During his time at Glasgow, the exclusion of students from their former role in the government of the university led to a sharp dispute with the authorities. Smith became involved and as a result was expelled on 1 May 1722. He initiated a legal challenge, but apparently did not pursue it. (Ultimately, in 1727, the university rescinded his expulsion, but he was by then established in his career.) He moved to Dublin, where, before October 1722, he put his case against the university in print. James Arbuckle (qv), an associate in the Glasgow dispute, who also settled in Dublin, may have assisted in writing this tract, published anonymously as A short account of the late treatment of the students of the University of G[lasgo]w.

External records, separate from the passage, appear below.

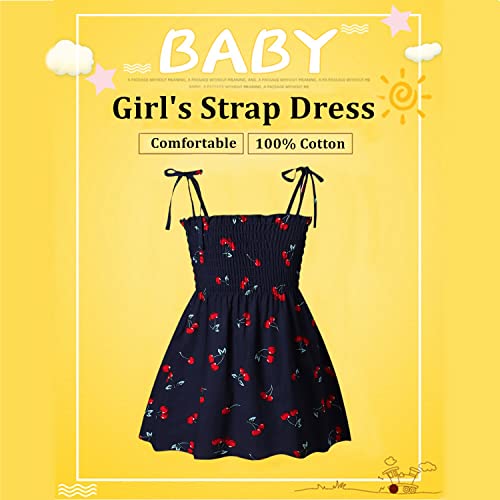 Kumrabal Girls Dresses, Toddler Dress, Little Toddler Girls' Flower Summer Sleeveless Straps Navy Blue with Cherry Printed Princess Dresses,Backless Cute Holiday Beach Sundress for Kids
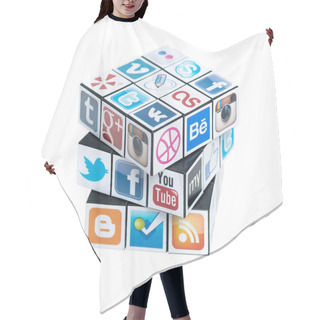 Personality  Rubick's Cube With Social Media Logos Hair Cutting Cape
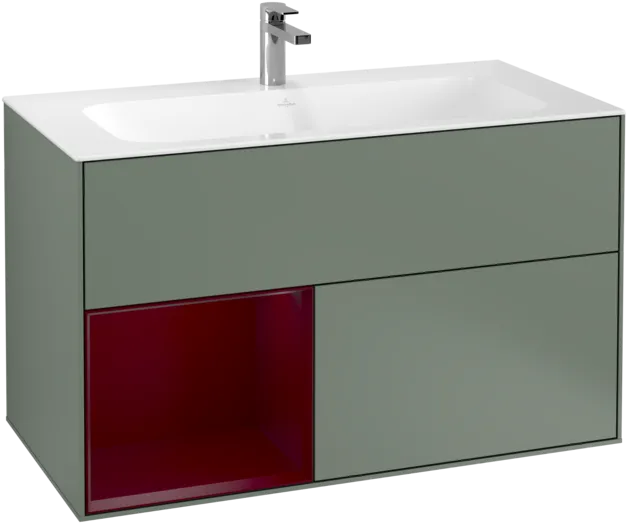 VILLEROY BOCH Toaletní skříňka Finion, s osvětlením, 2 výsuvy, 996 x 591 x 498 mm, olivový matný lak / pivoňkový matný lak #F030HBGM, obrázek 1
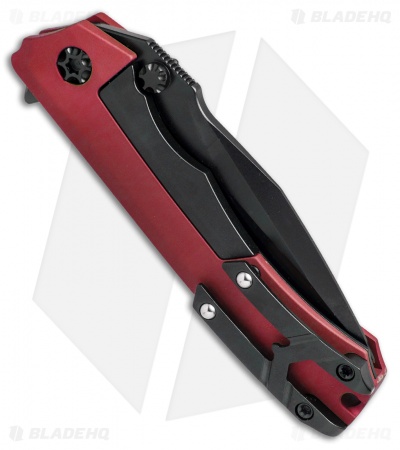 Heretic Knives Wraith Flipper Knife Red Aluminum (3.625" Black)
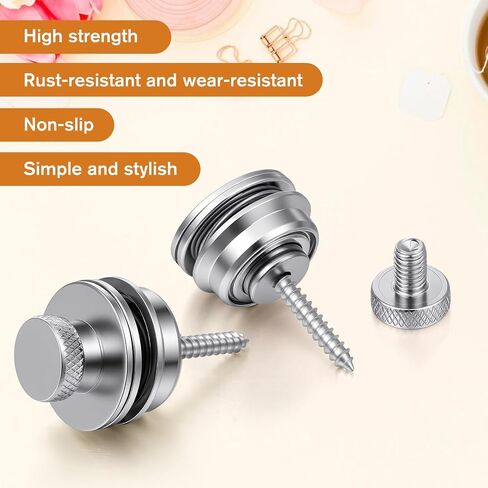 2 Pack Guitar Strap Locks, Electric Guitar Bass Security Straplocks Heavy Duty Security Metal Flat Round Head Design Easy Install Quick Release for Electric Acoustic Guitars Bass (Silver) in Saudi Arabia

By 1724 John Smith was engaged in the book trade in Dublin with William Smith. William left Ireland in 1725 and John Smith formed a partnership with William Bruce, which continued until 1737; he then remained in business on Blind Quay on his own until 1758. He was unusual among Dublin booksellers in having attended a university, and found his place as ‘bookseller to the Non-subscribing Presbyterian intelligentsia’ (Pollard, Dictionary, 200). The first work bearing his imprint was an Inquiry into . . . ideas of beauty and virtue (1725) by Francis Hutcheson (qv), a cousin of his partner Bruce. Philosophy (including much whig political philosophy), religion, and foreign literature were prominent in the lists of books published, reprinted, or sold by him – authors included George Berkeley (qv), Molesworth, and Harrington (edited by John Toland (qv)) – and he had good connections with London booksellers.

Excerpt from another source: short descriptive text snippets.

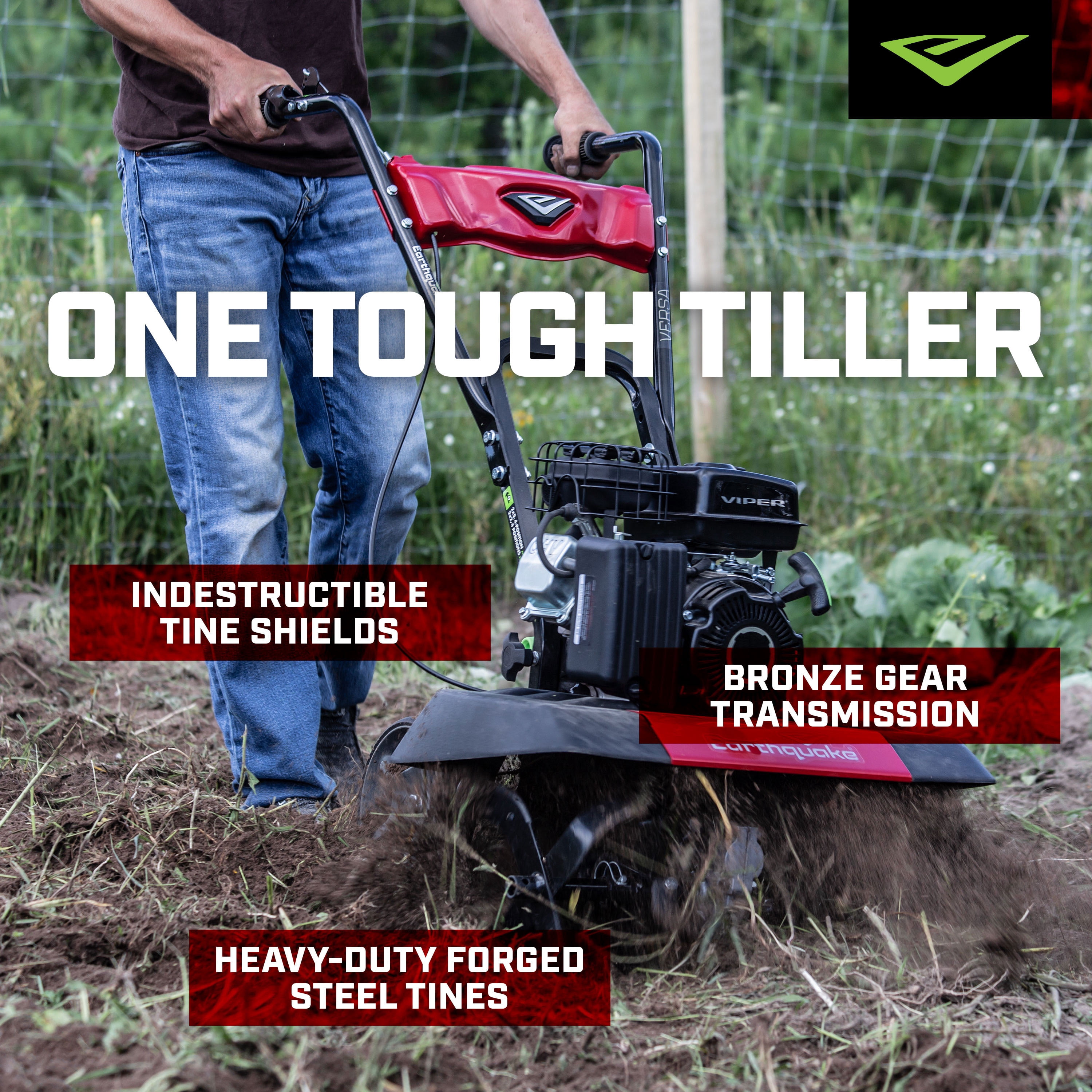 Earthquake Versa Front Tine Tiller, 99cc 4-Cycle Viper Engine (11 in to 21 in Width) 6naqp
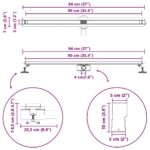 vidaXL 360° sprchový odtok so štíhlym modelom Strieborná 90 cm – Obrázok 13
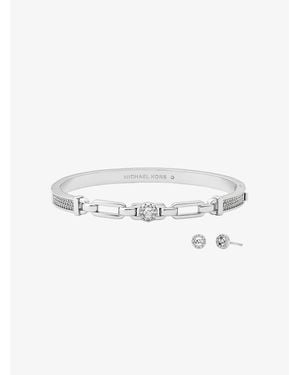 Michael Kors Outlet Pavé Logo Bangle And Stud Earrings Gift Set - White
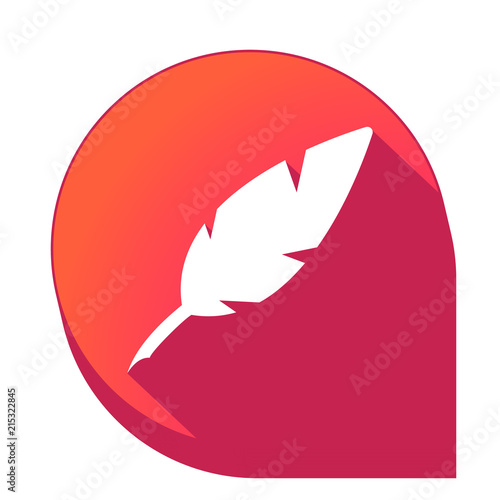 ikona z długim cieniem na tle strzałki pinezki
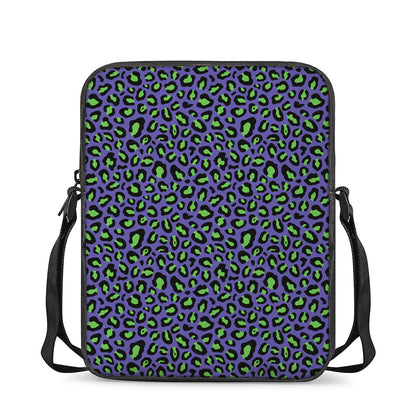 Purple And Green Leopard Pattern Print Rectangular Crossbody Bag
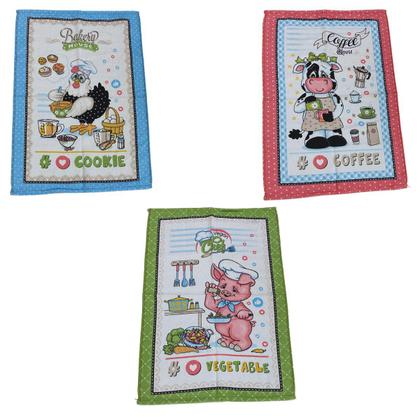 Imagem de Kit 3 Pano De Prato Estampado Estampas Variadas Pano De Copa Macio Em Algodao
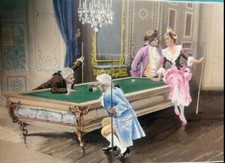 Antique Billiards/ Pool Color Silk Art Scene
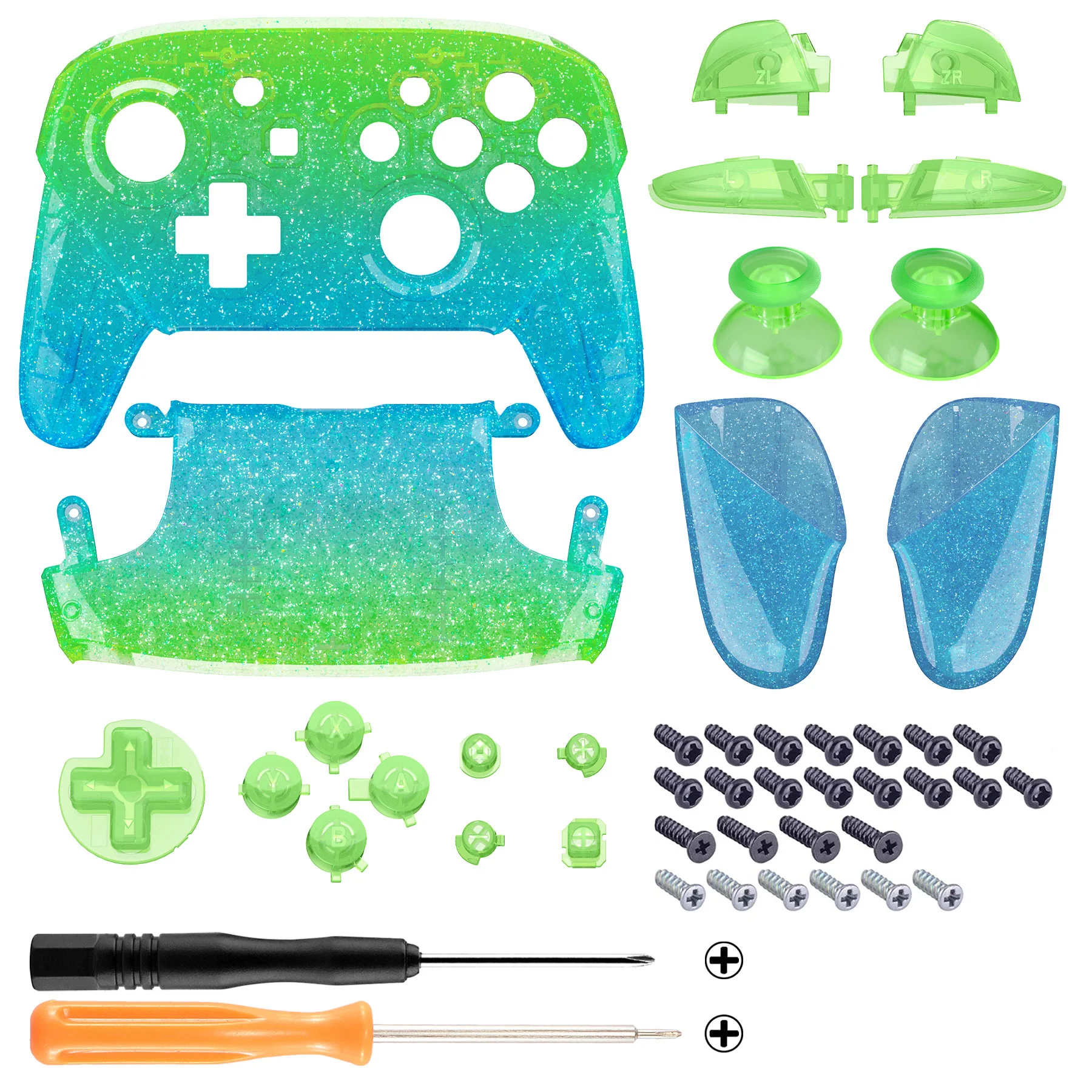 eXtremeRate Replacement Full Set Shell Faceplate Backplate Handles with Button Kit for Nintendo Switch Pro - Glitter Gradient Translucent Green Blue - Image 2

Between 1739 and 1749 he published, in twenty-four volumes, a Collection of the parliamentary debates in England 1668–1744, compiled by him from accounts printed in England. A decline in the market for foreign literature may have contributed to the winding up of his business in 1758. An unprosperous period followed, but he was appointed agent to the Hibernian Silk Warehouse in 1764. He died in Dublin in August 1771. Of his domestic life little is known, but a petition seeking a place, which he addressed around 1764 to Northumberland (qv), the lord lieutenant, referred to his wife and eight children.